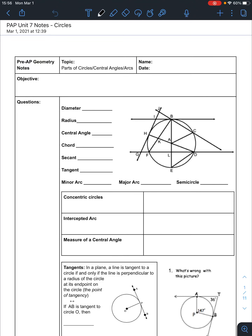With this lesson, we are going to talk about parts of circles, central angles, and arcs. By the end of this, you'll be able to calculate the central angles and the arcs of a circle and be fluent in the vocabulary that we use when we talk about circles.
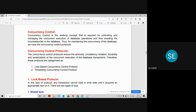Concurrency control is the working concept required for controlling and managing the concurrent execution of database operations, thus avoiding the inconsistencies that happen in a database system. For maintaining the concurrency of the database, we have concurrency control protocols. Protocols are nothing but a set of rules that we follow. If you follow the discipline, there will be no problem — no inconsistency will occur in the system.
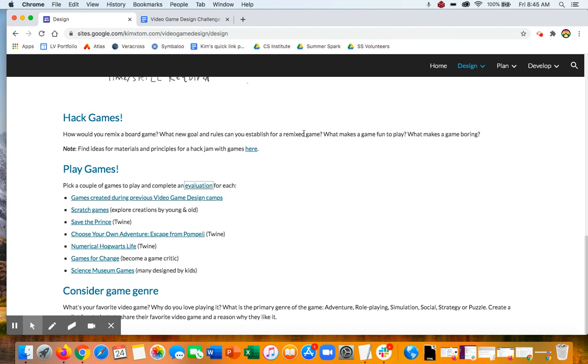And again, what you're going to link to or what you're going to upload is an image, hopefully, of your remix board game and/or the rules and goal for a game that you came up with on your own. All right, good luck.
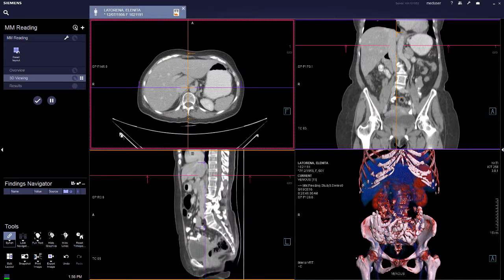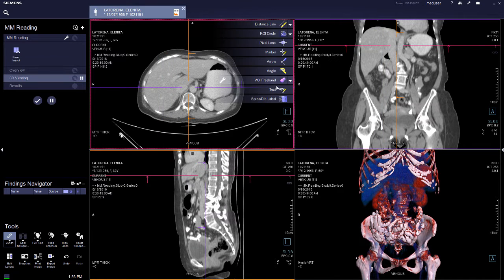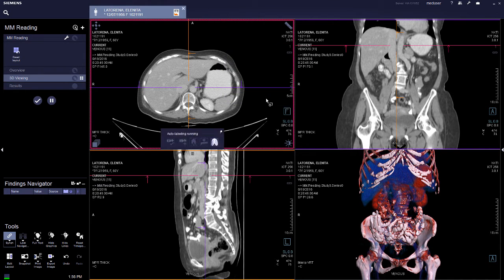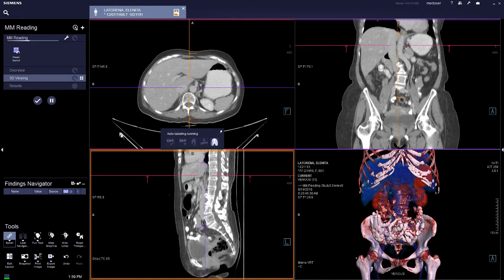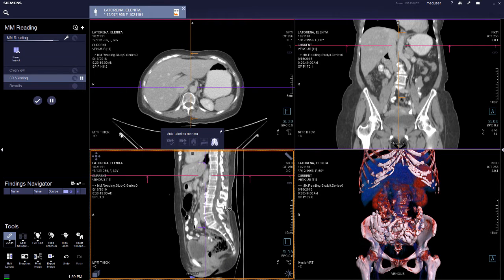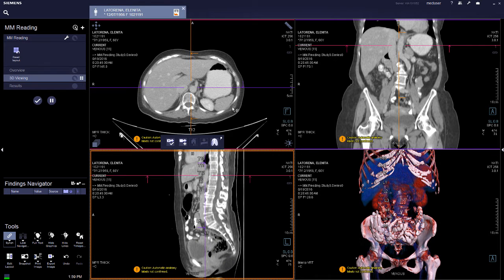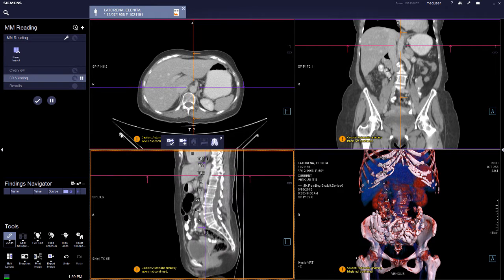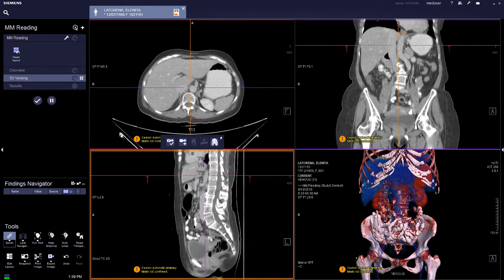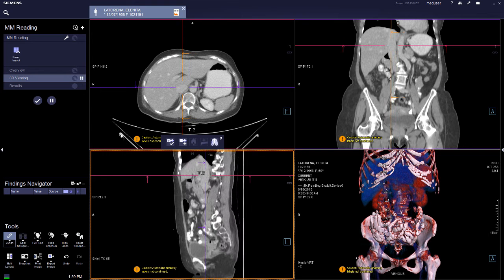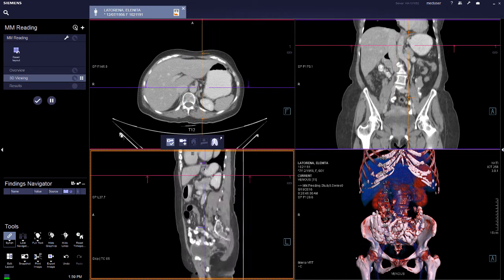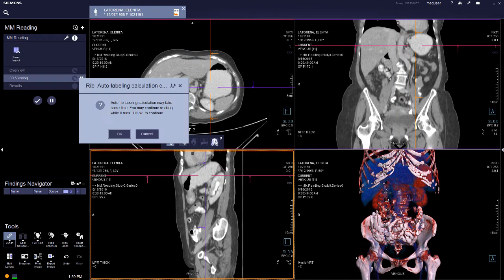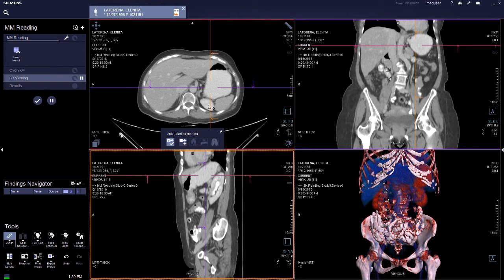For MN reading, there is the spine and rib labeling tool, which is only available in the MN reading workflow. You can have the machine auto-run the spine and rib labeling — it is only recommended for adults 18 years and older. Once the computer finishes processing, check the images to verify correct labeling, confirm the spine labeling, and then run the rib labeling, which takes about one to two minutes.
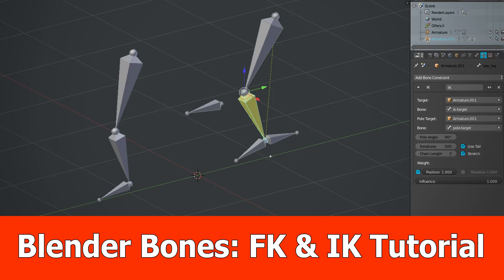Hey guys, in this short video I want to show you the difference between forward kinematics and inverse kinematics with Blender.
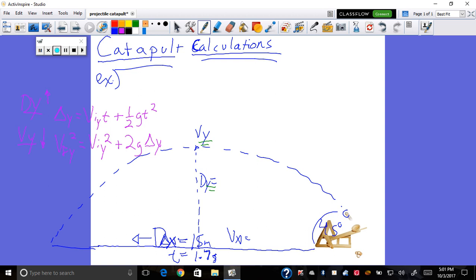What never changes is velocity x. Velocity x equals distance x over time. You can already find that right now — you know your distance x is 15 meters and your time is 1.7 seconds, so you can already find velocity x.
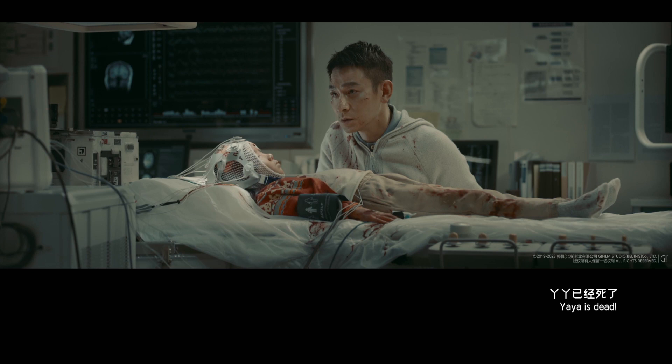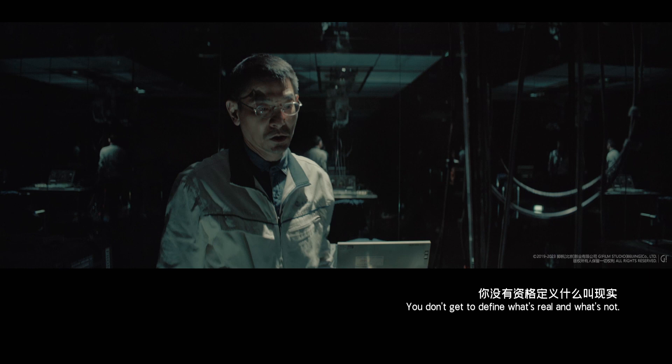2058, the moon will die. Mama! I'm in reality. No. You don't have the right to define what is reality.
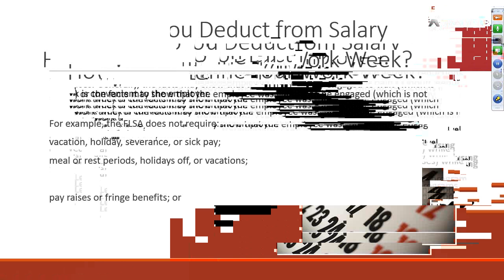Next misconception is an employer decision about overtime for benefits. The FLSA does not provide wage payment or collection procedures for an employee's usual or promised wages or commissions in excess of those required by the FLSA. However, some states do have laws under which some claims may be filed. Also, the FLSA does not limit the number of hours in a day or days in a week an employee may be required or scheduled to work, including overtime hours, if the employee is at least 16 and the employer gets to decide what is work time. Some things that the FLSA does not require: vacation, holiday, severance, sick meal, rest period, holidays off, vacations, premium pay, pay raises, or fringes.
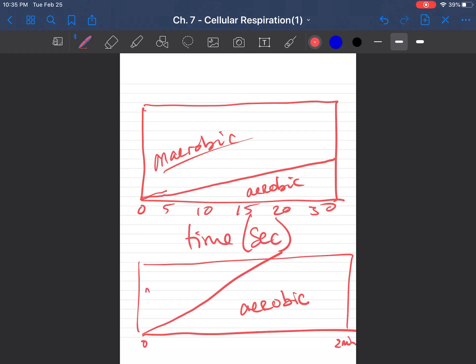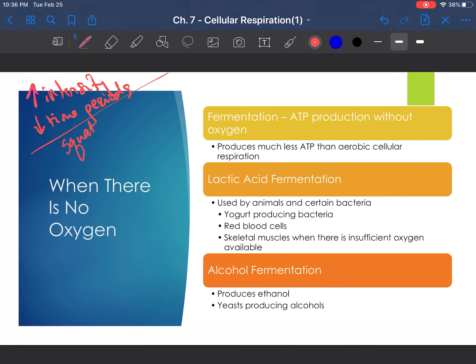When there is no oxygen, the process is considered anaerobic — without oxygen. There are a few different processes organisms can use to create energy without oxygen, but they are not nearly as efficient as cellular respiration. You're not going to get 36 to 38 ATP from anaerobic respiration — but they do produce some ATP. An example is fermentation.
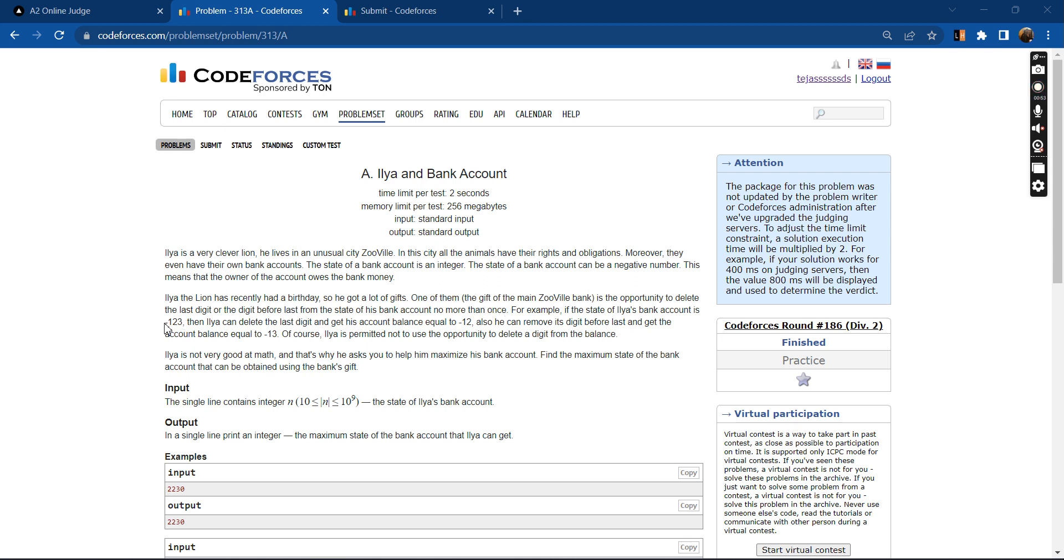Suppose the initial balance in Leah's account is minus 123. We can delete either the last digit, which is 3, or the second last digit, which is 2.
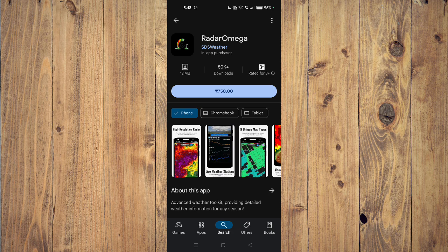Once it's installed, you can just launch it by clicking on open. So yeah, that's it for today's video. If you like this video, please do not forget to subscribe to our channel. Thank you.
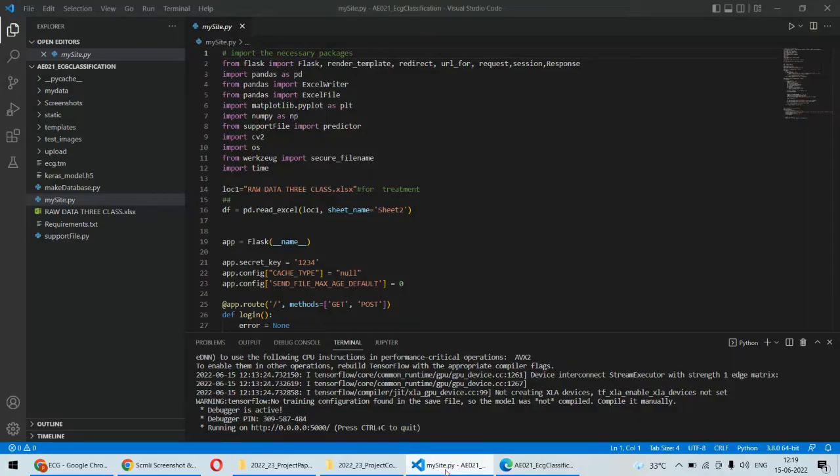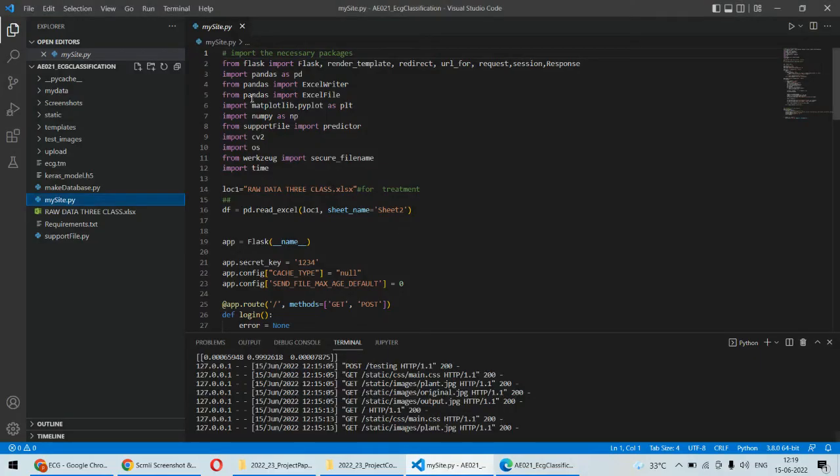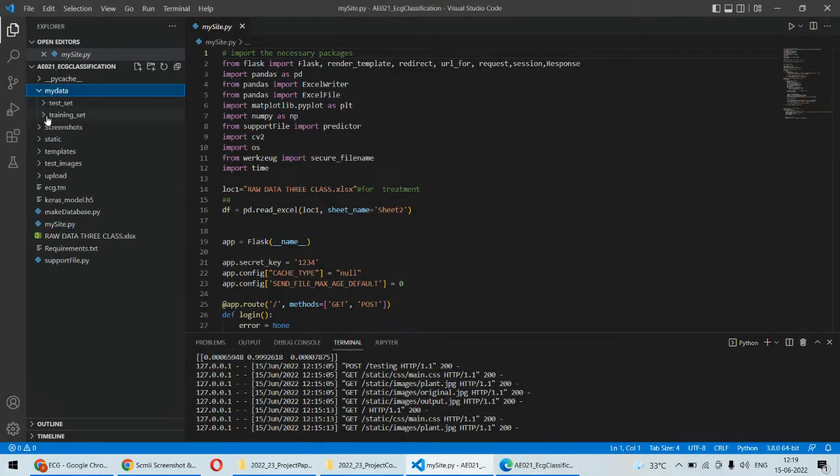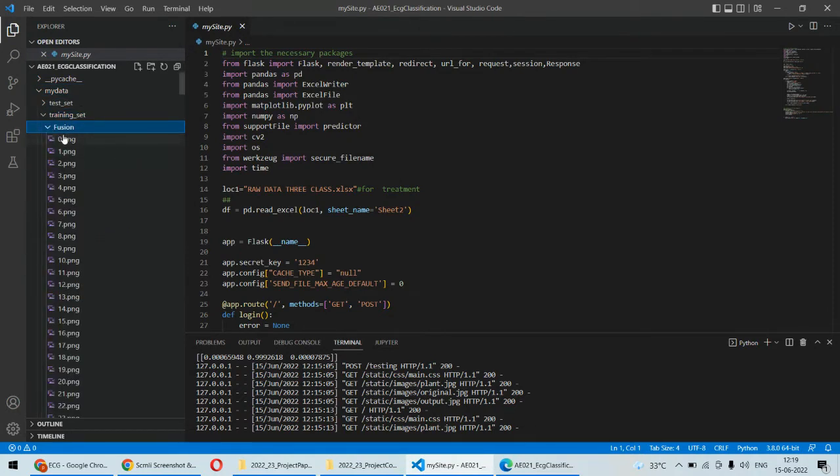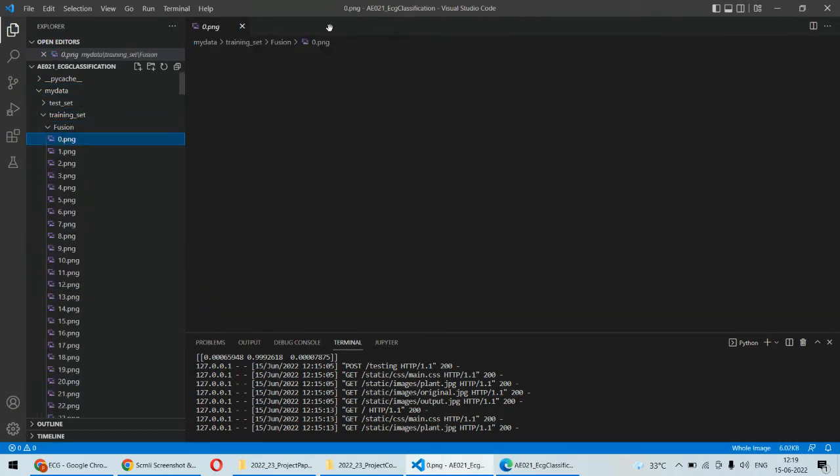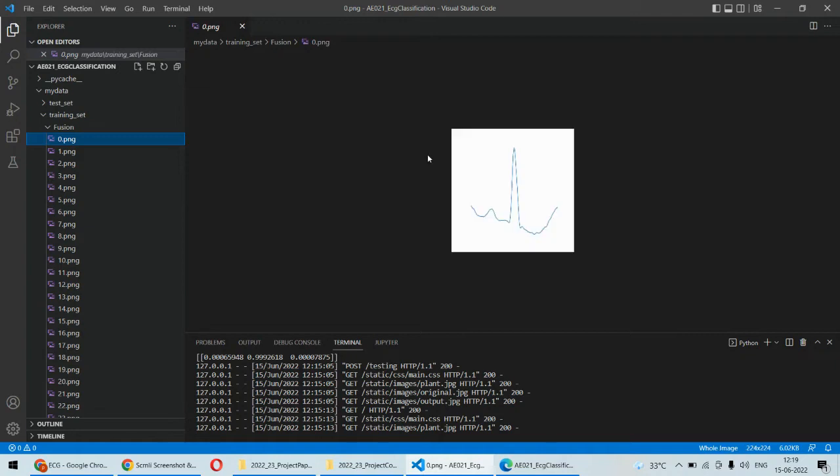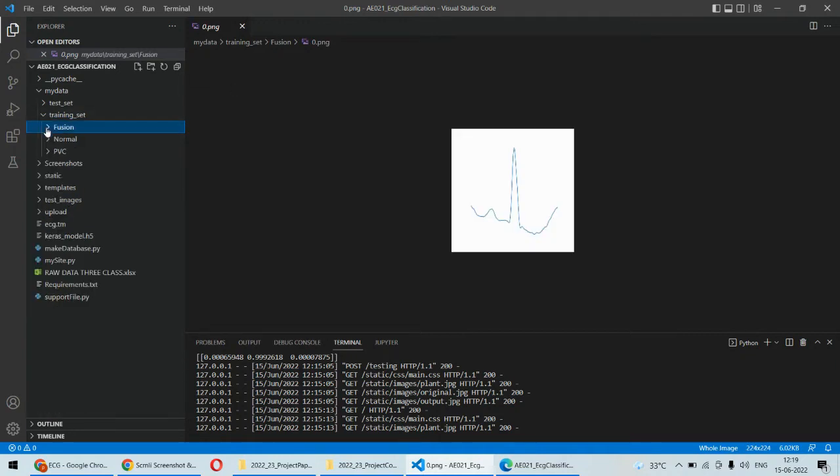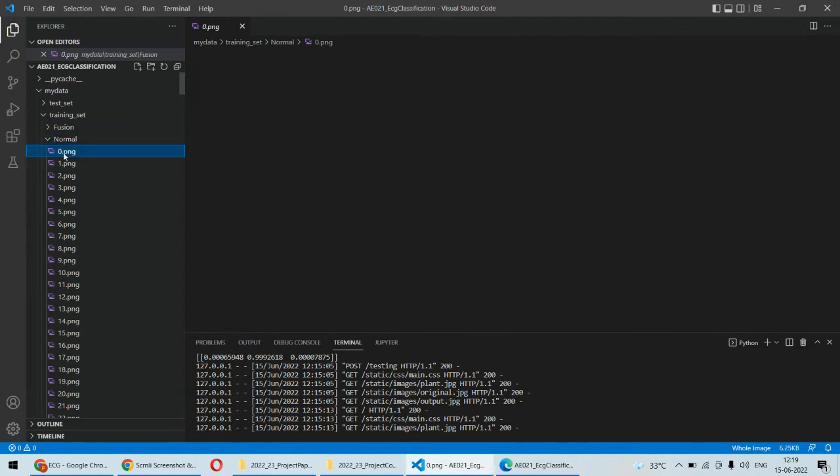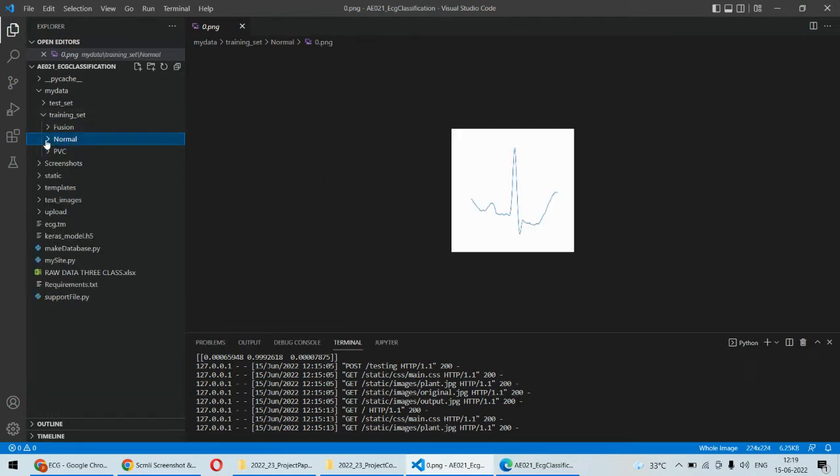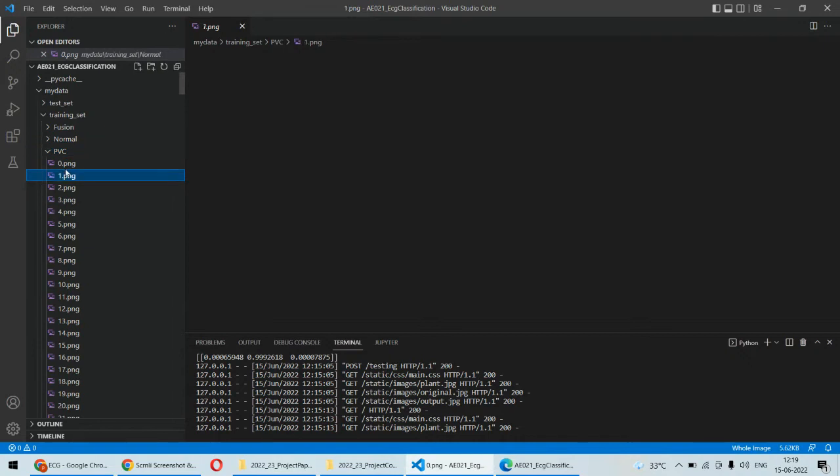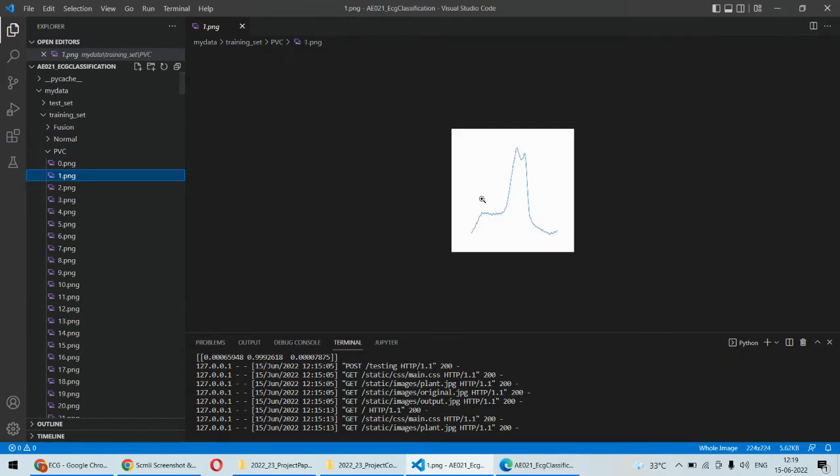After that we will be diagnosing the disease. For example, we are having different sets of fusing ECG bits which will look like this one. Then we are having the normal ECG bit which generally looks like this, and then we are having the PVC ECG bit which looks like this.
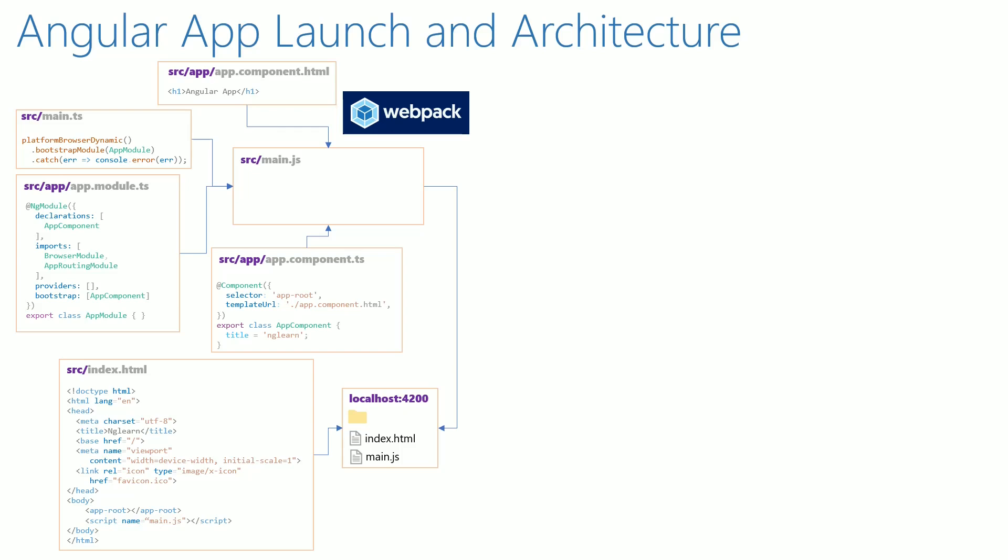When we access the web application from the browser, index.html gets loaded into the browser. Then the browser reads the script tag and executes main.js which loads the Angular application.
──────
• _EXERCISE GOAL_
Every entry in the listing is to be duplicated precisely, except for its pictures.

• _ANSWER FOR THIS EXERCISE_
With this lesson, we are going to talk about parts of circles, central angles, and arcs. By the end of this, you'll be able to calculate the central angles and the arcs of a circle and be fluent in the vocabulary that we use when we talk about circles.
Concurrency control is the working concept required for controlling and managing the concurrent execution of database operations, thus avoiding the inconsistencies that happen in a database system. For maintaining the concurrency of the database, we have concurrency control protocols. Protocols are nothing but a set of rules that we follow. If you follow the discipline, there will be no problem — no inconsistency will occur in the system.
And again, what you're going to link to or what you're going to upload is an image, hopefully, of your remix board game and/or the rules and goal for a game that you came up with on your own. All right, good luck.
For MN reading, there is the spine and rib labeling tool, which is only available in the MN reading workflow. You can have the machine auto-run the spine and rib labeling — it is only recommended for adults 18 years and older. Once the computer finishes processing, check the images to verify correct labeling, confirm the spine labeling, and then run the rib labeling, which takes about one to two minutes.
Hey guys, in this short video I want to show you the difference between forward kinematics and inverse kinematics with Blender.
What never changes is velocity x. Velocity x equals distance x over time. You can already find that right now — you know your distance x is 15 meters and your time is 1.7 seconds, so you can already find velocity x.
2058, the moon will die. Mama! I'm in reality. No. You don't have the right to define what is reality.
Next misconception is an employer decision about overtime for benefits. The FLSA does not provide wage payment or collection procedures for an employee's usual or promised wages or commissions in excess of those required by the FLSA. However, some states do have laws under which some claims may be filed. Also, the FLSA does not limit the number of hours in a day or days in a week an employee may be required or scheduled to work, including overtime hours, if the employee is at least 16 and the employer gets to decide what is work time. Some things that the FLSA does not require: vacation, holiday, severance, sick meal, rest period, holidays off, vacations, premium pay, pay raises, or fringes.
When there is no oxygen, the process is considered anaerobic — without oxygen. There are a few different processes organisms can use to create energy without oxygen, but they are not nearly as efficient as cellular respiration. You're not going to get 36 to 38 ATP from anaerobic respiration — but they do produce some ATP. An example is fermentation.
Suppose the initial balance in Leah's account is minus 123. We can delete either the last digit, which is 3, or the second last digit, which is 2.
Once it's installed, you can just launch it by clicking on open. So yeah, that's it for today's video. If you like this video, please do not forget to subscribe to our channel. Thank you.
After that we will be diagnosing the disease. For example, we are having different sets of fusing ECG bits which will look like this one. Then we are having the normal ECG bit which generally looks like this, and then we are having the PVC ECG bit which looks like this.
When we access the web application from the browser, index.html gets loaded into the browser. Then the browser reads the script tag and executes main.js which loads the Angular application.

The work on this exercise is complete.